Der Siegeszug der Allianzen

Eine solche globale Marktpräsenz sollte erstmals der 1997 durch Air Canada, Lufthansa, SAS, Thai Airways und United Airlines gegründeten Star Alliance gelingen. Vorausgegangen war dieser Entwicklung hin zu einem multilateralen Netzwerk eine Vielzahl bilateraler Abkommen zwischen den späteren Partnern, vor allem zur Ausübung von Codeshare-Flügen. Im Zuge der Gründung der Star Alliance wurden diese Vereinbarungen in ein umfassendes Vertragswerk überführt, ohne dass damit eine Veränderung in kapital- oder gesellschaftsrechtlicher Hinsicht einhergegangen wäre.

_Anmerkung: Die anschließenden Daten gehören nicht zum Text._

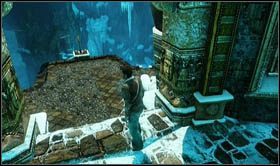 Jump on the wheel again, this time from the top, and get to the other side - Uncharted 2: Heart of Ice part 2, chapter 18 walkthrough - Walkthrough - Uncharted 2 Guide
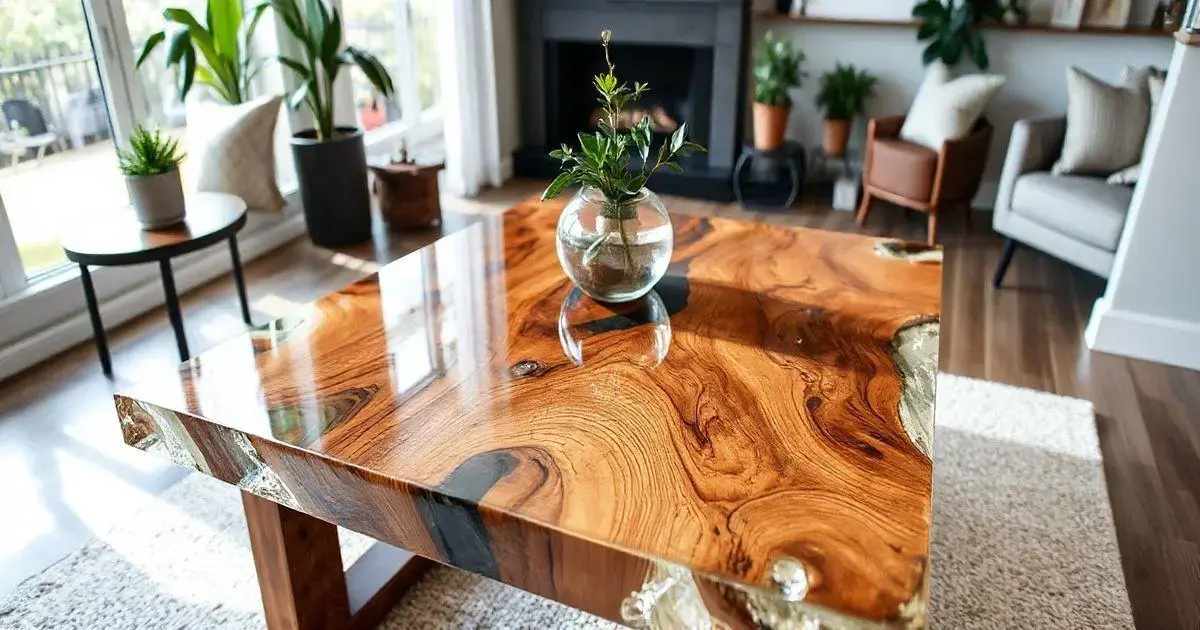 Mesa de madeira em resina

In den Folgejahren wurde das Bündnis durch zusätzliche Mitglieder erweitert, die ähnliche Unternehmensstrategien aufweisen und sich sowohl geografisch ergänzen als auch hinsichtlich Service- und Qualitätsstandards ähneln. Heute bestehen neben der Star Alliance im wesentlichen zwei weitere große Allianzen: die 1999 gegründete Oneworld um American Airlines, British Airways und Iberia sowie das 2000 ins Leben gerufene Skyteam um Air France-KLM, Delta Air Lines und Korean Air. Unter diesen Bündnissen ist es in der Vergangenheit zu Austritten bzw. Wechseln der sie tragenden Fluggesellschaften gekommen.

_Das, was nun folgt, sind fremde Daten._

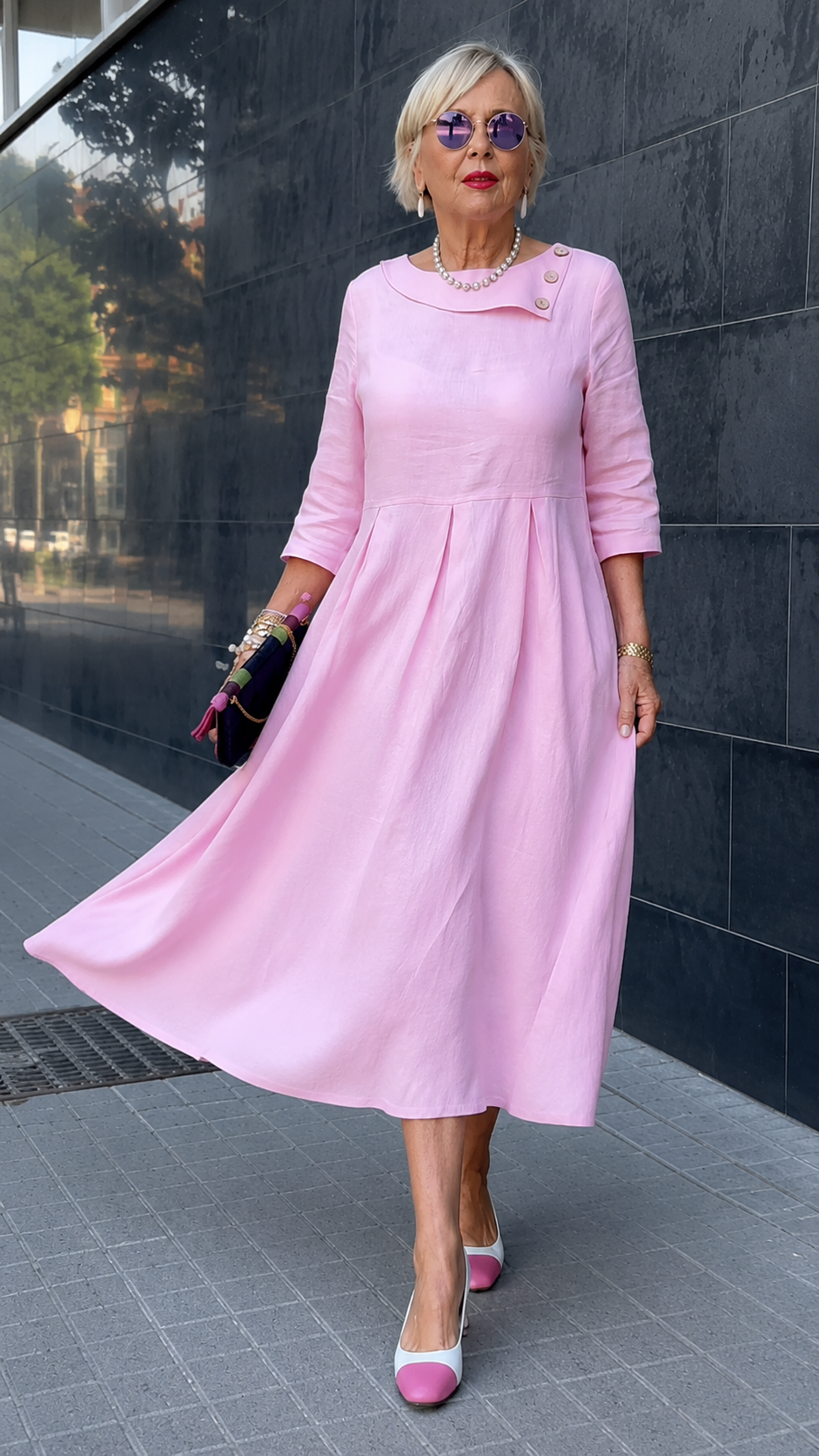 Elegant Pink Pleated Linen Midi Dress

Ziel und Zweck von Allianzen

Ziel und Zweck der Zusammenarbeit in Allianzen ist vornehmlich die Stärkung der Wettbewerbsposition der Bündnispartner durch verbesserten Marktzugang bei gleichzeitiger Kostenreduzierung. Typischerweise geschieht dies durch eine mehrfache Vermarktung vorhandener Kapazitäten und die Abstimmung von Flugplänen untereinander. Besonders vorteilhaft erweist es sich hier, wenn in einer Allianz Luftfahrtunternehmen zusammenkommen, die über große und zum Angebot der anderen Partner komplementäre Streckennetze verfügen, sodass eine (virtuelle) Ausweitung des Netzwerkes aller herbeigeführt wird.

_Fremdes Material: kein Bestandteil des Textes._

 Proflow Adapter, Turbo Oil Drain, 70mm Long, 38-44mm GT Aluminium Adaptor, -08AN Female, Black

Bemüht werden dazu der Luftverkehrswirtschaft typische Mechanismen, insbesondere das Codesharing. Hierzu gehen Allianzpartner einen Rahmenvertrag für eine multilaterale Kooperation und sodann zur Ausgestaltung dessen konkrete bilaterale Vereinbarungen untereinander ein. Darüber hinaus nutzen Allianzpartner Boden- und Flughafeneinrichtungen gemeinsam, betreiben gemeinschaftliche Vielfliegerprogramme bezoehungsweise erkennen solche wechselseitig an, schließen sich bei Einkauf und Beschaffung von beispielsweise Fluggeräten zusammen und stimmen sich zum Beispiel auch im Bereich von Wartung und Instandhaltung ab, um Synergien zu schaffen und Kosten zu senken.

Metal Neutral Joint Ventures

Eine Weiterentwicklung der klassischen Allianz stellen sogenannte Metal Neutral Joint Ventures dar. Bei einem solchen handelt es sich gewissermaßen um eine Allianz in der Allianz, da sich daran – mit wenigen Ausnahmen – nur ausgewählte Allianzpartner beteiligen. So beschreibt das Vekehrsministerium der USA Metal Neutrality als «an industry meaning that the partners in an alliance are indifferent as to which [one] operates the ‘metal’ (aircraft) when they jointly market services. […] Metal Neutrality may be achieved through revenue and/or comprehensive benefit sharing arrangements.» Somit geht die Integration und wirtschaftliche Tragweite eines Metal Neutral Joint Venture deutlich über andere Partnerschaften hinaus und ermöglicht insbesondere auch gemeinsame Tarif- und Kapazitätsplanung sowie eine gemeinsame Erlössteuerung der Beteiligten. Im Ergebnis dessen steht die Zulässigkeit eines Handelns, das andernfalls wettbewerbswidrig wäre.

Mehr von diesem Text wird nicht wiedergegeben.